そうか……候補生だからうちのクラスなんだ!
長いセリフを噛まず一息もつかず歯切れよく言い切った彼女は最後に、
「よろしくお願いします」
という言葉とともにアイドルよりも、天使よりも、女神よりも素晴らしい笑顔で微笑んだ。
転校生はかっこよかったり、かわいかったり何かと騒がれるものだ。それは2次元の話で結局転校生は普通だ。

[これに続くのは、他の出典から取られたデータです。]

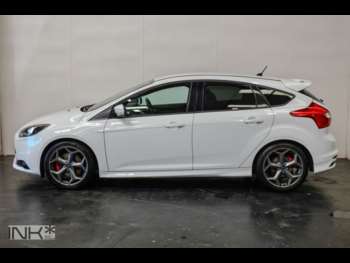 Used Ford Focus 2012 for sale - 75384776: Photo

しかし、ここまで別格だとジンクスさえ打ち破りそうな力が秘められているように俺には思えた。
「かわいーー!!」
「うおおお~」
「羽美ちゃんめっちゃ美人だ~」
「足きれいっすご」
聞き取れないくらい教室が興奮の歓喜にみちあふれ称賛の言葉が次々とんだ。
俺はパセレクトつながりでなければ興味なしだが、きっとパセレクトが関係なくても思ったことは同じだろう。
「なんて不思議な子なんだ……」
まるで海のような神秘さ。
深海の青が瞳の奥で揺れた。
俺は生まれてはじめて、恋をした。
またまたまた新キャラです。
多いんだよ!と、一括したくなりますよね、申し訳ないです。
そろそろメインキャストが出揃います。